SOURCE MATERIAL –
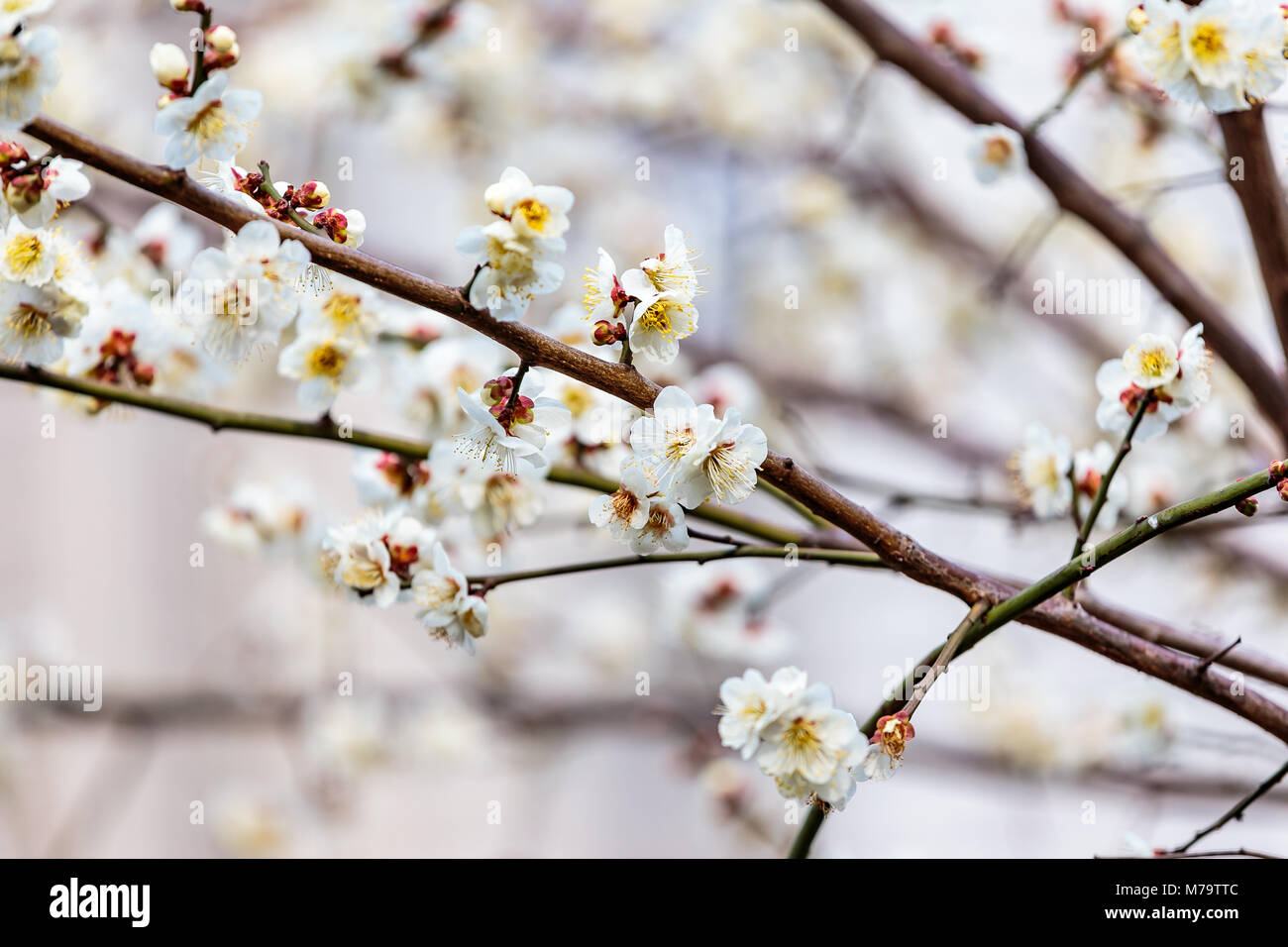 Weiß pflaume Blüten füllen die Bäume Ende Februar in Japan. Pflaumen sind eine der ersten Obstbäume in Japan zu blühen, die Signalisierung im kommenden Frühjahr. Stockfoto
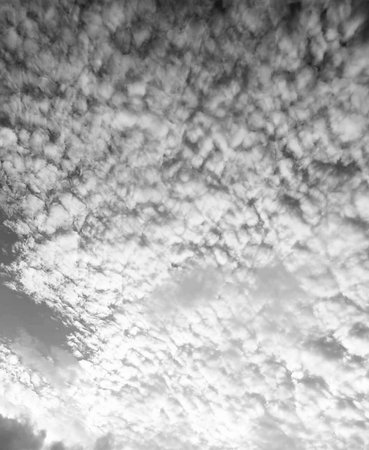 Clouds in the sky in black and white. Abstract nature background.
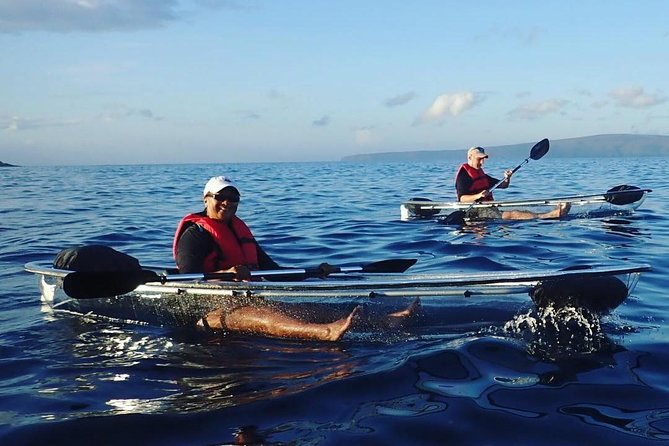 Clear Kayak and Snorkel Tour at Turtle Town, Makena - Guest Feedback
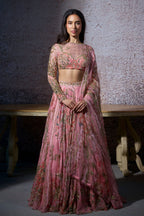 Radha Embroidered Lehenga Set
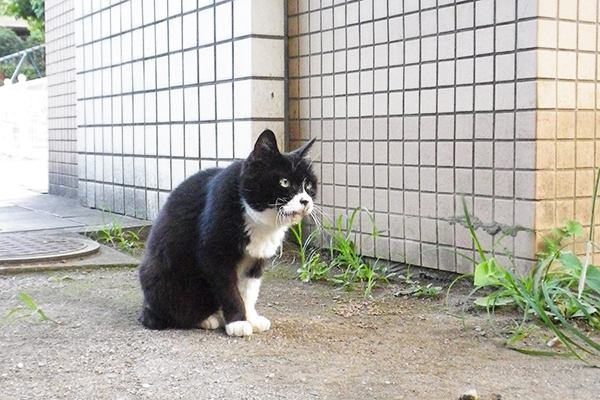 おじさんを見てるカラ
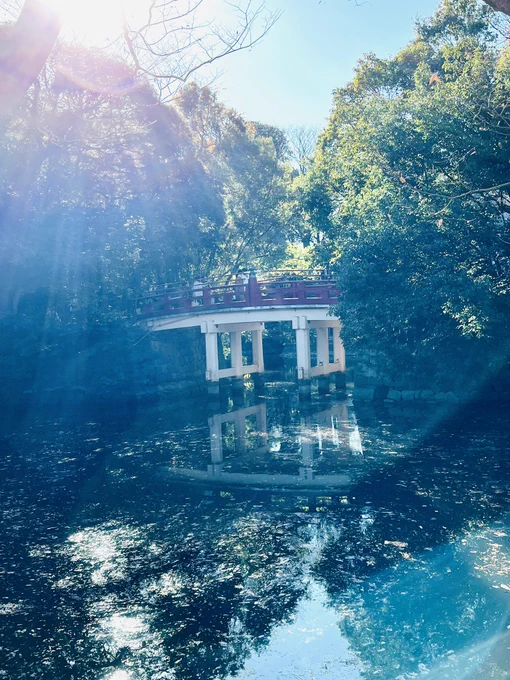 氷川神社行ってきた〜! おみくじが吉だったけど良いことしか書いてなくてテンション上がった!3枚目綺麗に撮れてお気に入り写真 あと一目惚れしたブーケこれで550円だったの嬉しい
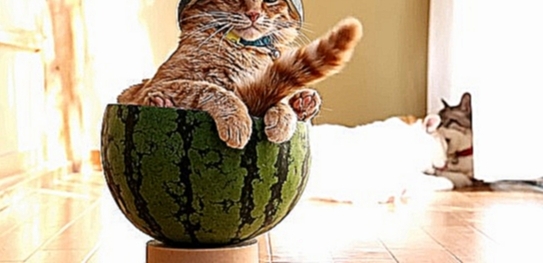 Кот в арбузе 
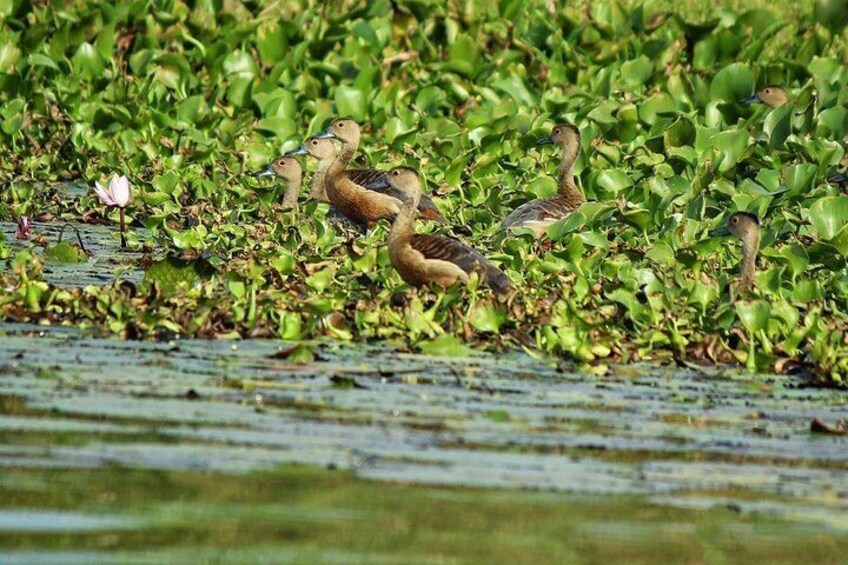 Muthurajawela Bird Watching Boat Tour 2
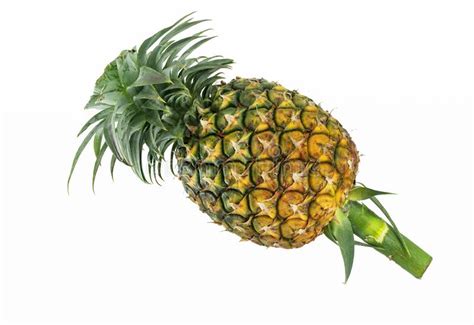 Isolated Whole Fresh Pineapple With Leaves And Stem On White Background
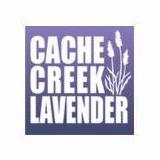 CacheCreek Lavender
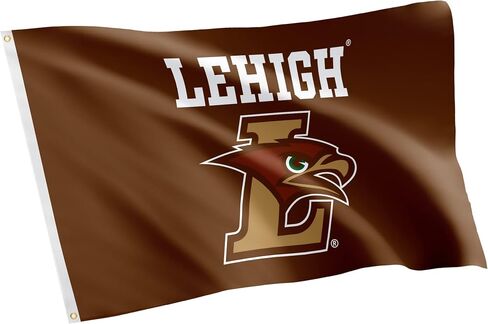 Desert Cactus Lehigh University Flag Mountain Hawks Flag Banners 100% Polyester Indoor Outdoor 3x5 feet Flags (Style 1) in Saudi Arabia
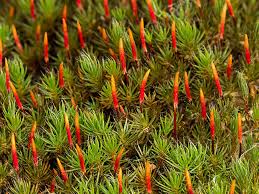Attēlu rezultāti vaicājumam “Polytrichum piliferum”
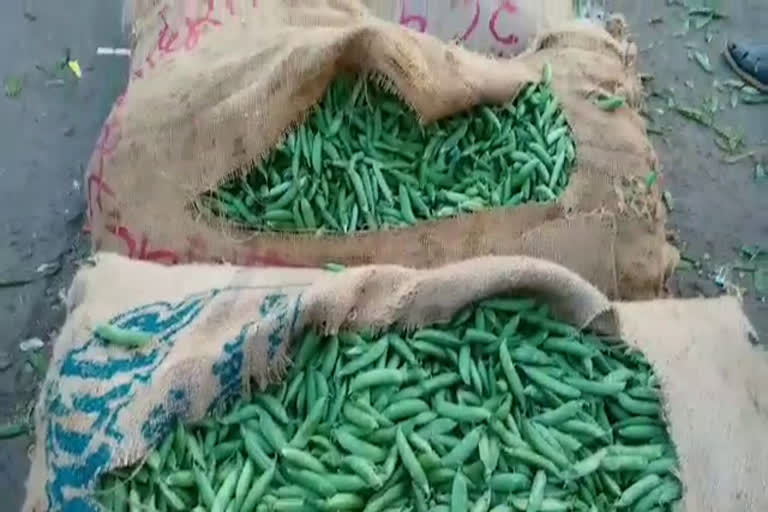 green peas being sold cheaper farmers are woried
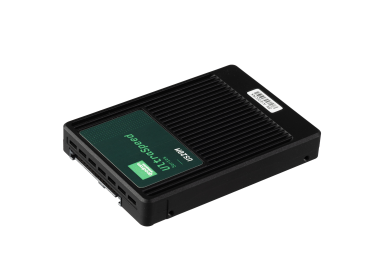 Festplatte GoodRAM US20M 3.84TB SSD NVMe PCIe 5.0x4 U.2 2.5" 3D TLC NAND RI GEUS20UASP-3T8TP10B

EXERCISE OBJECTIVE – Transcribe each record exactly as it appears, but omit every picture.

TASK RESULT –
 Weiß pflaume Blüten füllen die Bäume Ende Februar in Japan. Pflaumen sind eine der ersten Obstbäume in Japan zu blühen, die Signalisierung im kommenden Frühjahr. Stockfoto
 Clouds in the sky in black and white. Abstract nature background.
 Clear Kayak and Snorkel Tour at Turtle Town, Makena - Guest Feedback
 Radha Embroidered Lehenga Set
 おじさんを見てるカラ
 氷川神社行ってきた〜! おみくじが吉だったけど良いことしか書いてなくてテンション上がった!3枚目綺麗に撮れてお気に入り写真 あと一目惚れしたブーケこれで550円だったの嬉しい
 Кот в арбузе 
 Muthurajawela Bird Watching Boat Tour 2
 Isolated Whole Fresh Pineapple With Leaves And Stem On White Background
 CacheCreek Lavender
 Desert Cactus Lehigh University Flag Mountain Hawks Flag Banners 100% Polyester Indoor Outdoor 3x5 feet Flags (Style 1) in Saudi Arabia
Attēlu rezultāti vaicājumam “Polytrichum piliferum”
 green peas being sold cheaper farmers are woried
 Festplatte GoodRAM US20M 3.84TB SSD NVMe PCIe 5.0x4 U.2 2.5" 3D TLC NAND RI GEUS20UASP-3T8TP10B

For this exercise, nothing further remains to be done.